Work order: Further down are entries; set down exactly and only the lines from the one with "Fashionable Leather Shopper" up to and including the one with "Charming 2-Bedroom Home", dropping each picture.

Data listing:
■ ■ ■ ■ ■

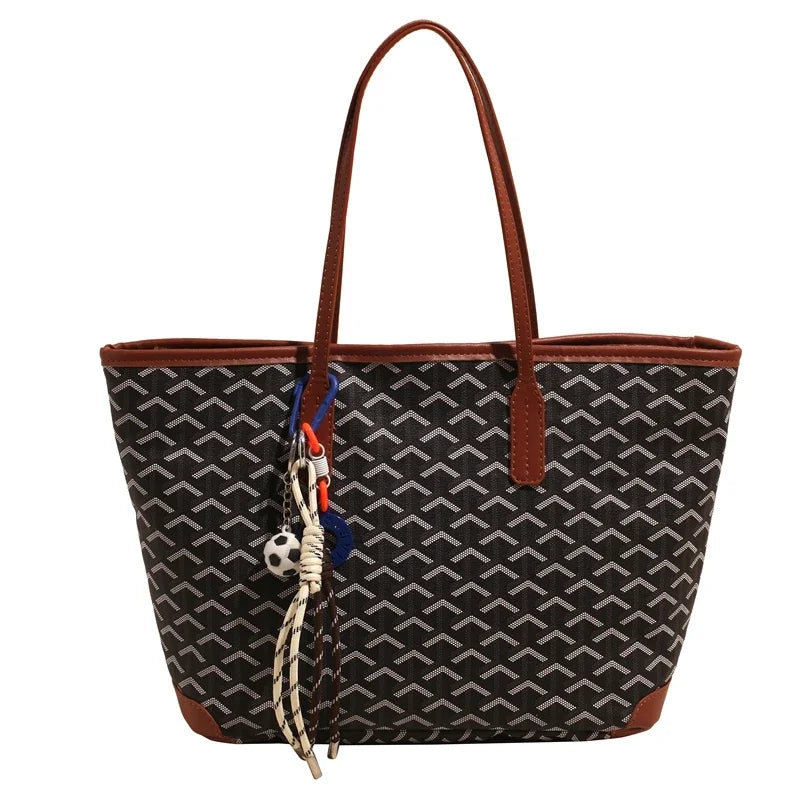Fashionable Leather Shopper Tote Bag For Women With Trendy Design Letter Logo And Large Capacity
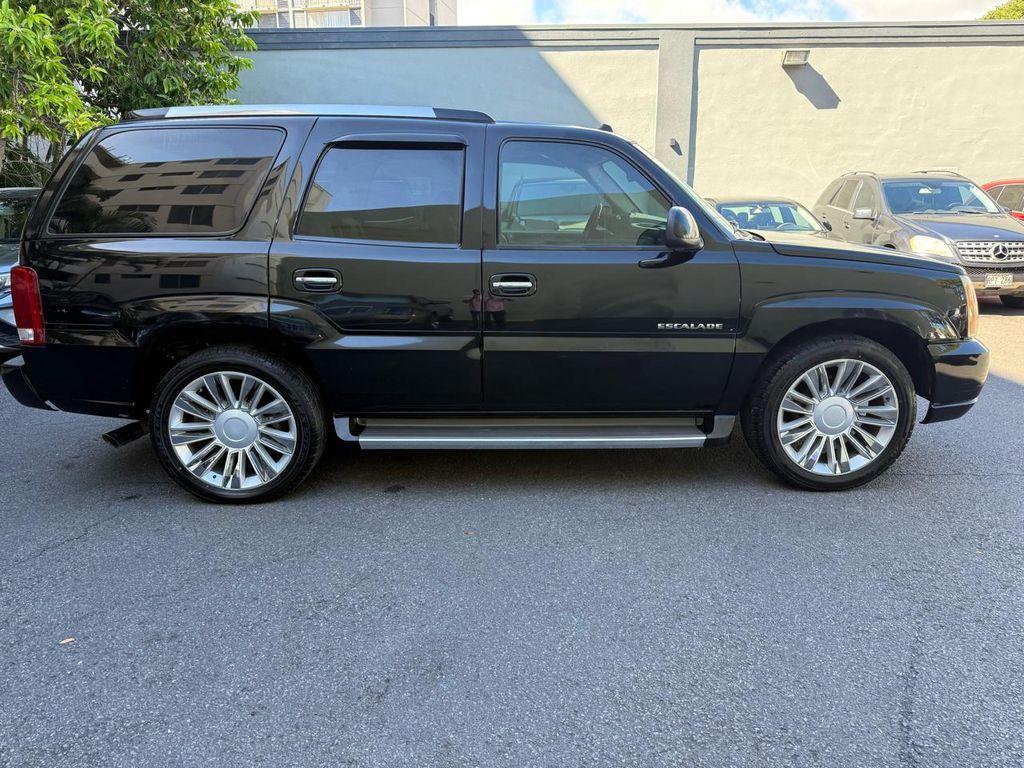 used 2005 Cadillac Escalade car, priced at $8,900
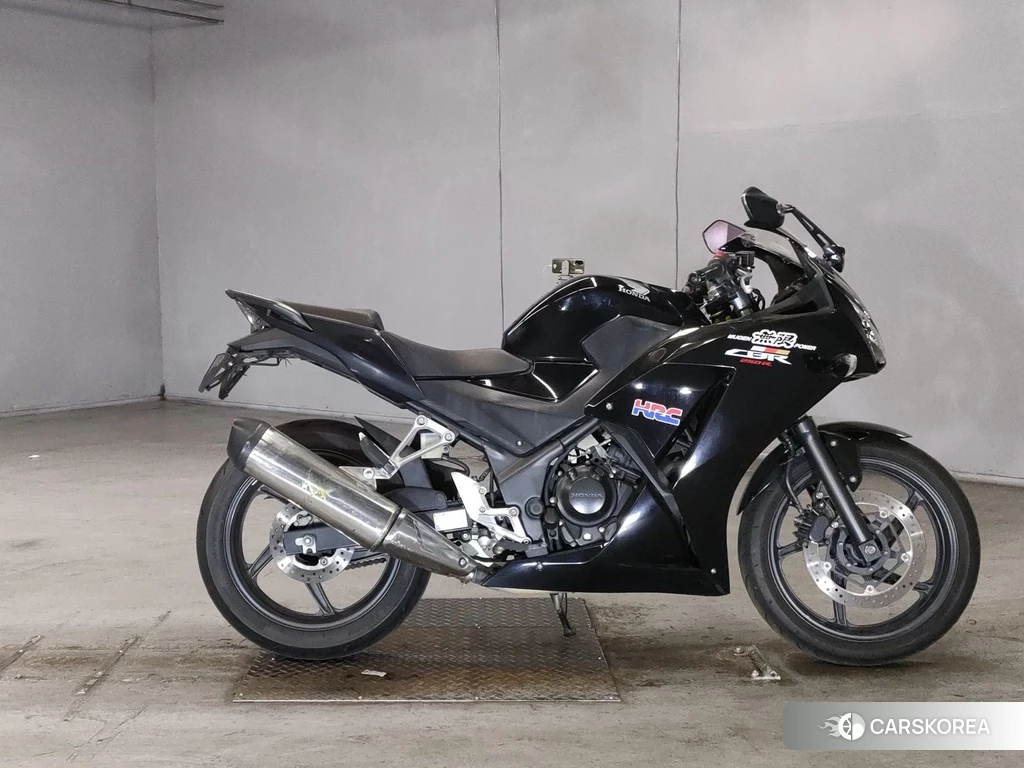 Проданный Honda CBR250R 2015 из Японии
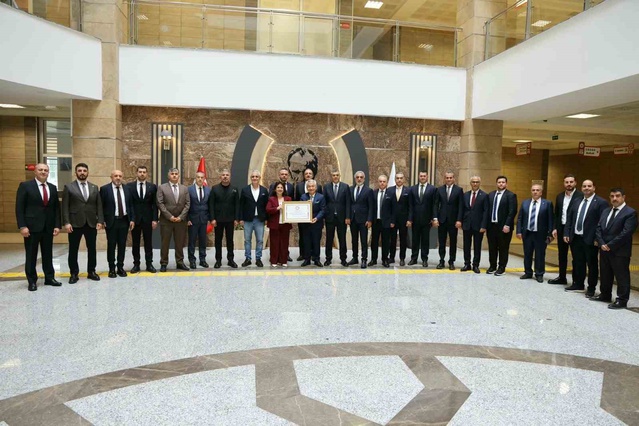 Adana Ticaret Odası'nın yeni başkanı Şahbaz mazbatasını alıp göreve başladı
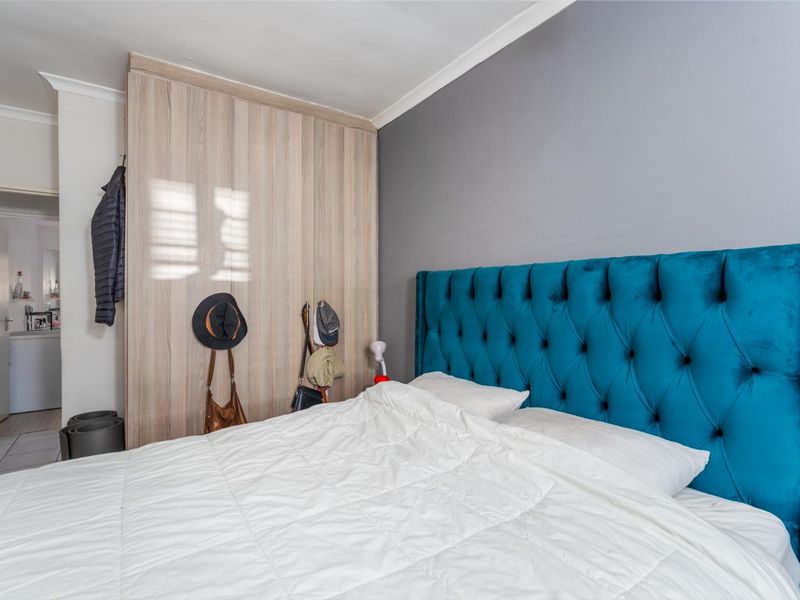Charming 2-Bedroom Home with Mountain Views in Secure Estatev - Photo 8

■ ■ ■ ■ ■

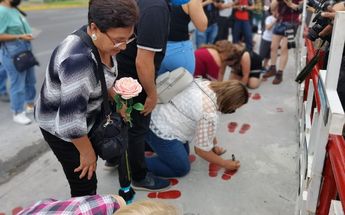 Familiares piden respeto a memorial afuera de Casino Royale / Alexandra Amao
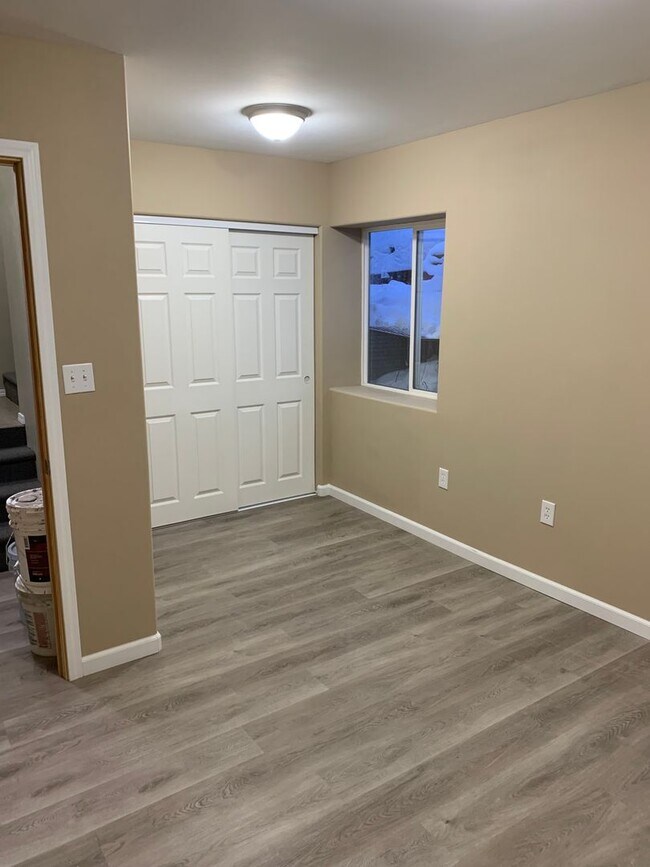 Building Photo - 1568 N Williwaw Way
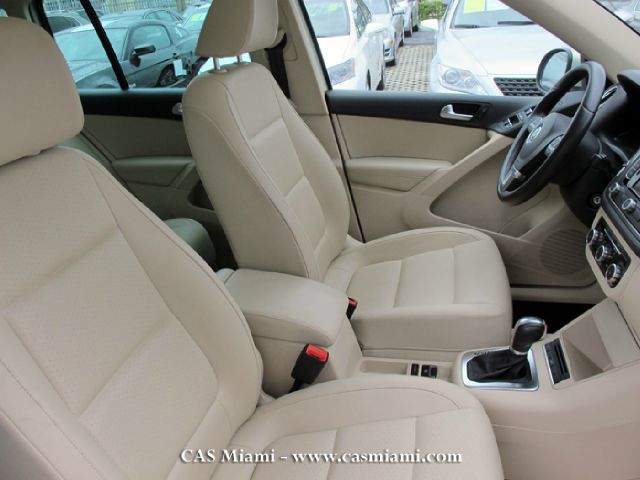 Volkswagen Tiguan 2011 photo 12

■ ■ ■ ■ ■

Solution for this exercise:
Fashionable Leather Shopper Tote Bag For Women With Trendy Design Letter Logo And Large Capacity
 used 2005 Cadillac Escalade car, priced at $8,900
 Проданный Honda CBR250R 2015 из Японии
 Adana Ticaret Odası'nın yeni başkanı Şahbaz mazbatasını alıp göreve başladı
Charming 2-Bedroom Home with Mountain Views in Secure Estatev - Photo 8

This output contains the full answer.